1986 Trans America Athletic Conference baseball tournament
- Teams: 2
- Format: Double-elimination
- Finals site: Hunter Field; Abilene, Texas;
- Champions: Georgia Southern (3rd title)
- Winning coach: Jack Stallings (3rd title)
- MVP: Mike Shepherd (Georgia Southern)

= 1986 Trans America Athletic Conference baseball tournament =

American college baseball tournament

The 1986 Trans America Athletic Conference baseball tournament was held at Hunter Field on the campus of Hardin–Simmons in Abilene, Texas, on April 25 and 26. This was the eighth tournament championship held by the Trans America Athletic Conference, in its eighth year of existence. won their third tournament championship.

== Format and seeding ==
The winner of each of the conference's two divisions met in a best of three series.
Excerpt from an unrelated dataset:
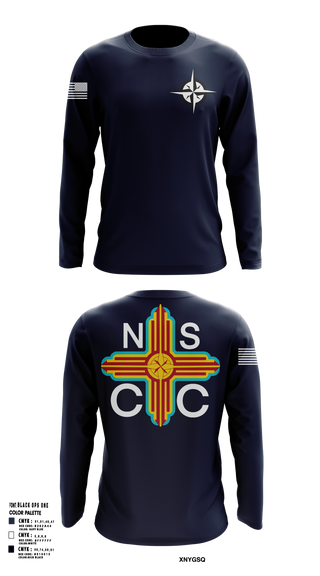 Long Sleeve Performance Shirt, Zia Division, Navy, Teamtime, Team time, sublimation, custom sports apparel, team uniforms, spirit wear, spiritwear, sports uniforms, custom shirts, team store, custom team store, fundraiser sports, apparel fundraiser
Stetson was ineligible as a new member of the conference.

| Team | W | L | Pct. | GB | Seed |
East
| Georgia Southern | 12 | 6 | .667 | — | 1E |
| Mercer | 8 | 10 | .444 | 4 | — |
| Georgia State | 8 | 10 | .444 | 4 | — |
| Samford | 8 | 10 | .444 | 4 | — |

| Team | W | L | Pct. | GB | Seed |
West
| Hardin–Simmons | 12 | 4 | .750 | — | 1W |
| Centenary | 8 | 7 | .533 | 3.5 | — |
| Arkansas–Little Rock | 3 | 12 | .200 | 8.5 | — |
| Stetson |  |  |  | — | — |

== All-Tournament Team ==
The following players were named to the All-Tournament Team.

| POS | Player | School |
| P | Billy Brooks | Georgia Southern |
| Troy Holcomb | Georgia Southern |
| C | Rob Haranda | Georgia Southern |
| 1B | Craig Cooper | Georgia Southern |
| 2B | Dan Gealy | Georgia Southern |
| SS | Steve Arias | Hardin–Simmons |
| 3B | Jim Cunningham | Georgia Southern |
| OF | Mike Shepherd | Georgia Southern |
| Joe Bonanno | Georgia Southern |
| Lynn Turner | Hardin–Simmons |
| Shane Gravens | Hardin–Simmons |
| DH | Gilbert Arredondo | Hardin–Simmons |

=== Most Valuable Player ===
Mike Shepherd was named Tournament Most Valuable Player. Shepherd was an outfielder for Georgia Southern.